La recette pour une décentralisation totale du marché de l’énergie repose sur la fusion de la blockchain et l’Internet des objets (compteurs intelligents, par exemple) avec une production d’énergie renouvelable abordable (par exemple, des panneaux solaires sur le toit) et du matériel de stockage (par exemple, des batteries). La Blockchain peut aider à simplifier la structure de tarification et à déterminer l’origine des énergies renouvelables par le biais de la négociation poste à poste (P2P) dans un micro-réseau communautaire.

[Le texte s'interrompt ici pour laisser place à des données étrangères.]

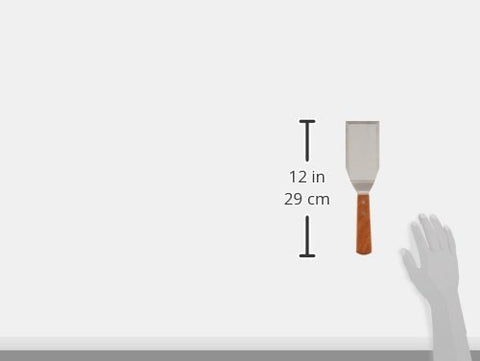 Winco TN719 offset handle keeps hands safe while cooking burgers.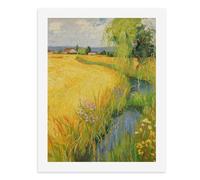 Dipingi coi numeri Un campo di grano dorato accanto a un ruscello con alberi di salice Kit per pittura digitale per adulti Crea la tua scena magica forniture artistiche senza cornice 40 x 50 cm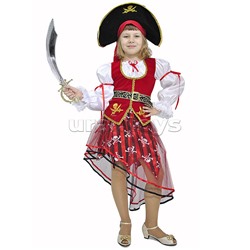 Изделие швейное для девочек "Пиратка" (блуза, юбка, шляпа) р.134-68 (полный комплект)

Le premier micro-réseau au monde s’appuyant sur la blockchain est le micro-réseau de Brooklyn, créé en 2016 par LO3 Energy, auquel participe Molly Webb, membre du groupe de travail sur les énergies renouvelables du Blockchain & Climate Institute (BCI). Le micro-réseau de Brooklyn permet aux résidents de vendre, en toute confiance, leur surplus d’énergie à leurs voisins en tirant parti de la blockchain, notamment sous la forme de «contrats intelligents». Ces programmes sont essentiellement auto-exécutables et facilitent l’échange de tout ce qui a de la valeur. Ils automatisent le commerce de l’énergie P2P en fournissant un marché automatisé où des voisins peuvent faire des offres entre eux pour acheter de l’énergie renouvelable.
La crypto-monnaie est un outil important pour intensifier le mouvement de décentralisation. NRGcoin en est un exemple, créé par Enervalis en Europe et dans lequel le Dr Mihail Mihaylov, autre membre du groupe de travail sur les énergies renouvelables du BCI, est profondément impliqué. NRGcoin vise en partie à remédier aux angles morts des systèmes de facturation nette et de tarification à la consommation, qui récompensent en réalité la production excessive d’énergie verte dans un quartier. Il s’agit en définitive d’un mécanisme décentralisé reposant sur des contrats intelligents passés avec de multiples parties prenantes, notamment les services publics, les opérateurs de réseau, les opérateurs de systèmes distribués, et bien sûr, les acheteurs et les vendeurs d’énergie.
Le diable est dans les détails
Ceci étant dit, ce seront les détails du chapitre sur l’énergie de l’Accord final de Retrait de l’UE qui détermineront la nécessité d’une décentralisation rapide du marché de l’énergie au Royaume-Uni. L’application de la blockchain a indéniablement une capacité limitée d’influence sur les négociations en cours sur le Brexit. Un Brexit dur ne peut être assoupli pour le marché britannique de l’énergie que si les prosommateurs britanniques sont prêts à rejoindre le mouvement de la blockchain.